Oh sorry, I just read your second to last reply again. I'll go over the data sheet once more, you may be right about it needing to be in STDBY_RC mode, I will check.

On 11 February 2024 21:02:42 GMT, markqvist @.***> wrote:

I would revert those changes you made for the calibration, idle() puts it in STANDBY mode anyway

No, idle() puts the modem into STDBY_XOSC mode, not STDBY_RC (difference being the oscillator source). That's why I added it. See line 679.

Have you set the sync words on both sides correctly? I thought just now that this may have caused the issue perhaps?

Yes. The sync words are currently set to 0x12 for SX1276 and 0x1424 for SX1262, which is how it needs to be for interoperability.

I can do some investigation tomorrow on this issue and see if I can figure out what may cause it through reading the datasheet again

Awesome. You know the chip and datasheet a lot better than me at this point, so hopefully you can spot something.

We can't really release this until we can confirm interoperability between the SX1262 and SX1276 drivers. Even if it requires changing something in the SX1276 driver, that's totally acceptable, but it does need to interoperate.

My best bet bet currently is that there is indeed something weird going on in PLL calibration or something else oscillator, timing or crystal related, due to the very different packet timings. Could even be some sort of fault in the low data-rate optimisation configuration (but I don't know the SX1262 well enough to really speak on that).

-- Reply to this email directly or view it on GitHub: https://github.com/markqvist/RNode_Firmware/pull/64#issuecomment-1937868602 You are receiving this because you authored the thread.

Message ID: @.***>

markqvist commented 7 months ago

To offer whatever help and insight I can here, I'v conducted a little further investigation, just to verify board integrity and cross-compatibility between the old SX1276 driver and SX1262/8 chips:

I tried using the RadioLib-based example found here to:

There is definitely something going sideways with the SX1262 driver :(

markqvist commented 7 months ago

Another idea that might help in debugging this would be to use this example with the RadioLib SX1262 driver, and see whether your driver can decode packets sent from that and also the other way around.

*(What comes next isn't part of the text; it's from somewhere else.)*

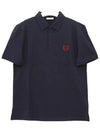 V Logo Long Sleeve Polo Shirt Navy - VALENTINO - BALAAN 3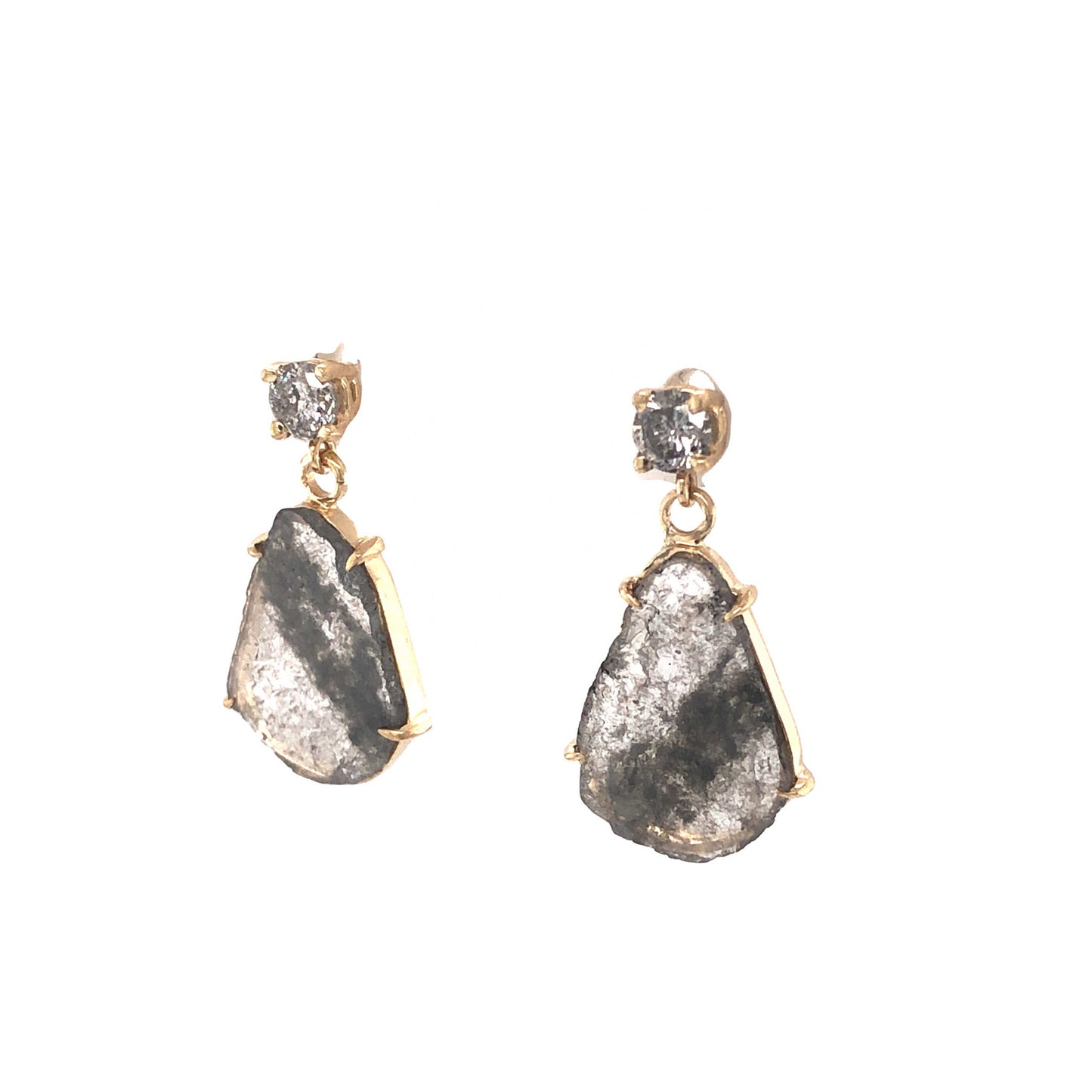 Rustic Diamond Drop Earrings in 14k Yellow Gold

I'm fairly certain it will show the same behaviour as on ESP32, but even in the odd case that it does work when running on the nRF board, we'd have it pinned down further.

My best bet at this point though (although I'm definitely not at all certain), would be that the drivers startup (and calibration) sequence and/or timing is not right, leading to problems with RC-oscillator and PLL calibration. From the symptoms, it certainly looks like that could be the problem.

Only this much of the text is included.